Although the records contain pictures, print none of them; print exactly the lines from the one with "Mar 23, 2025;" through the last line.
--- Supplied data Enclosed Below ---
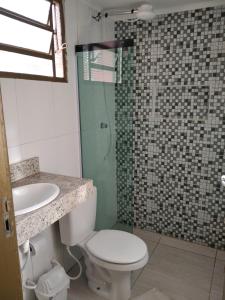 a bathroom with a toilet and a sink and a shower at Loft em Botucatu prox unesp rubiao jr in Botucatu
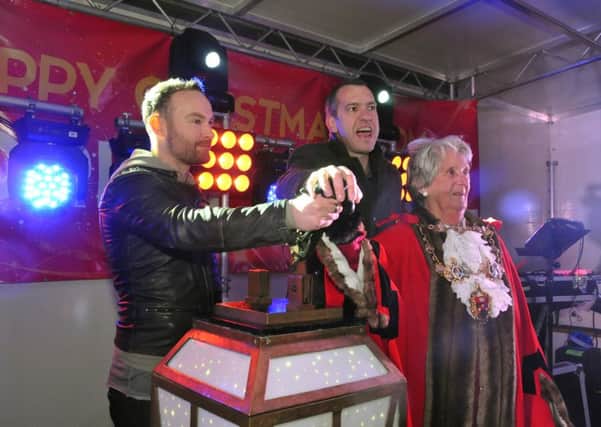 Kevin Simm, Chorley Council leader Alistair Bradley and Mayor, Councillor Doreen Dickinson flick the switch in Chorley last night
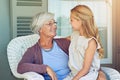 Tell grandma everything. a young girl sitting outside with her grandmother.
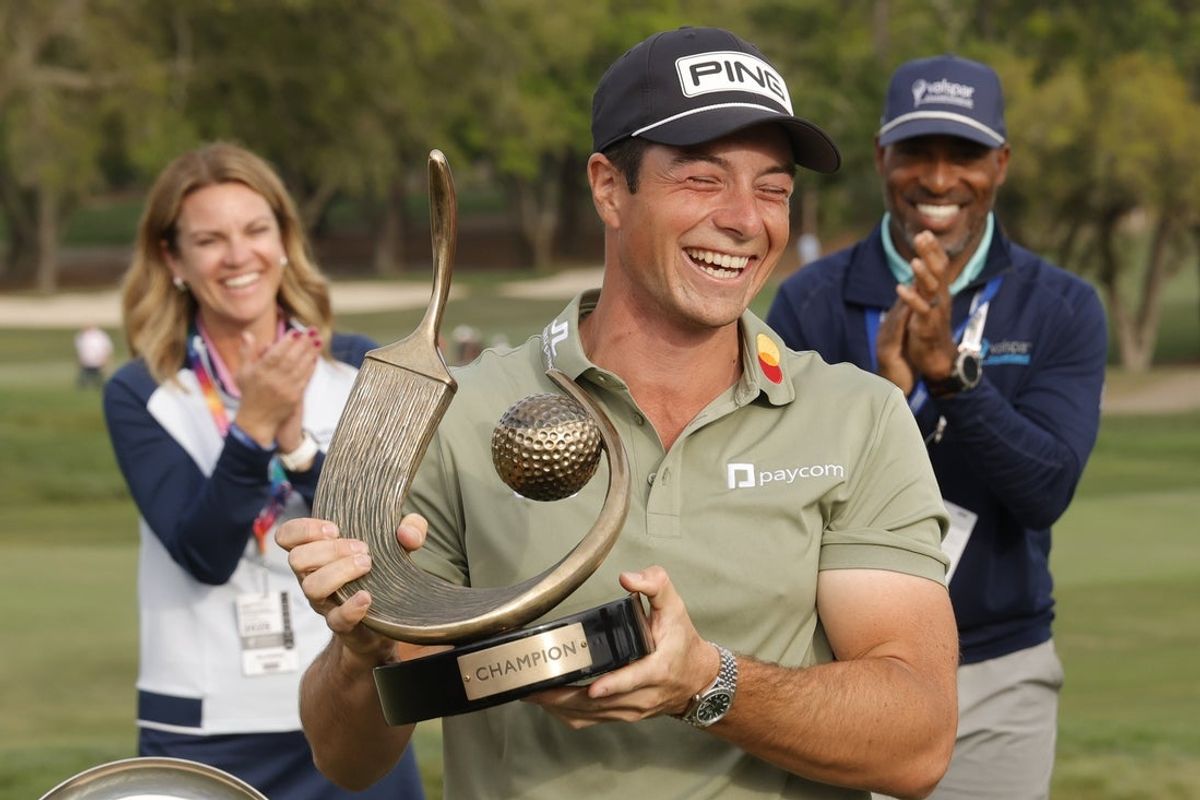 Mar 23, 2025; Palm Harbor, Florida, USA;  Viktor Hovland holds the champions trophy after winning the Valspar Championship golf tournament at Innisbrook Resort. Mandatory Credit: Reinhold Matay-Imagn Images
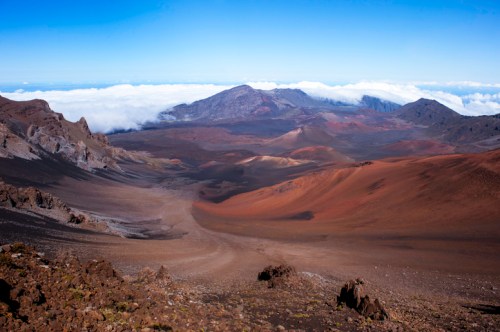 A panoramic view of a volcanic landscape with colorful terrain and clouds in the distance under a clear blue sky.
--- End of Enclosed Supplied data ---
→ **Solution to this exercise**
 Mar 23, 2025; Palm Harbor, Florida, USA;  Viktor Hovland holds the champions trophy after winning the Valspar Championship golf tournament at Innisbrook Resort. Mandatory Credit: Reinhold Matay-Imagn Images
 A panoramic view of a volcanic landscape with colorful terrain and clouds in the distance under a clear blue sky.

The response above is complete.